1999 Senate Report Card
106th Congress, 1st Session
Hearings held in 1999, with status of printed transcripts
Compiled by John A. McGeachy, June 25, 2003 at North Carolina State University
Total # Printed Unprinted %
hearings(1) hearings hearings printed
Aging 21 21 0 100%
Agriculture 22 22 0 100%
Appropriations 41 38 3 93%
Armed Services 26 24 2 92%
Banking 30 30 0 100%
Budget 3 3 0 100%
Commerce 55 55 0 100%
Joint Economic 10 10 0 100%
Energy 74 73 1 99%
Environment 29 28 1 97%
Ethics 0 0 0 100%
Finance 40 39 1 98%
Foreign Relations 86 42 44 49%
Health 55 55 0 100%
Governmental Affairs 33 32 1 97%
Indian Affairs 32 32 0 100%
Intelligence 25 2 23 8%
Judiciary 63 59 4 94%
Library 0 0 0 100%
Narcotics Control 4 4 0 100%
Printing 0 0 0 100%
Rules 4 1 3 25%
Small Business 21 21 0 100%
Veterans' Affairs 7 4 3 57%
Year 2000 19 11 8 58%
Totals 700 606 94 87%
(1) Arriving at a figure for the total number of hearings held by a committee
is problematical.

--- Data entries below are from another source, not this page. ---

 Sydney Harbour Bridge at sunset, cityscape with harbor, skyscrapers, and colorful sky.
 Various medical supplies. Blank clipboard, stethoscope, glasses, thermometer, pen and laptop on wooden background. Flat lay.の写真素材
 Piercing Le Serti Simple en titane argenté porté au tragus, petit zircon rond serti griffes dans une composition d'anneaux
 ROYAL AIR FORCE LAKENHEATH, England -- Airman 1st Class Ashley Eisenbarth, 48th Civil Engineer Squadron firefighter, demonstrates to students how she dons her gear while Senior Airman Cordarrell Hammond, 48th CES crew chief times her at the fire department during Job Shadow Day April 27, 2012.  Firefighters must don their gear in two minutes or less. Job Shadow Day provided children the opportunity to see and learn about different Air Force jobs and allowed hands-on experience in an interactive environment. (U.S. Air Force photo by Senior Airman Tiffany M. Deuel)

These conventions are used for the numbers in the first
column.
(a) For hearings that have been printed, each physically bound volume is
counted as one hearing. If a single bound volume of a printed hearing
contains the transcript of meetings held on multiple days, it is still counted
as a single hearing.
(b) The Daily Digest section of the Congressional Record is used to identify
unprinted hearings. For unprinted hearings, if the Daily Digest notes the
continuation of hearings on subsequent days, those multiple meetings of a
committee are counted as a single hearing.
Frequently, however, it is not possible to determine that a hearing is to be
continued at a later date. And later, when a second date for a hearing
appears in the Daily Digest, sometimes after a considerable length of time
between the committee meetings, the continuation of the hearing will be
counted as a second hearing, and entered separately into the appropriate
database.
Later when (or if) the transcript of this example hearing on multiple days is
printed, it will be noted that the printed volume contains the transcript from
multiple days. Adjustments will then be made in the databases to collapse
multiple records for the multiple meetings of the committee on the hearing
topic into a single record. This will result in a smaller number of "Total #
hearings" than was previously recorded.
(c) Field hearings present additional problems. They are not reported in the
Daily Digest. I have not found a convenient source of them, and would welcome
any suggestions as to how to identify them. The count of hearings contains
only those field hearings that have been printed; and when a new field hearing
is printed and becomes known, its addition will be added to both the "Total #
hearings" and to the "Printed hearings" columns.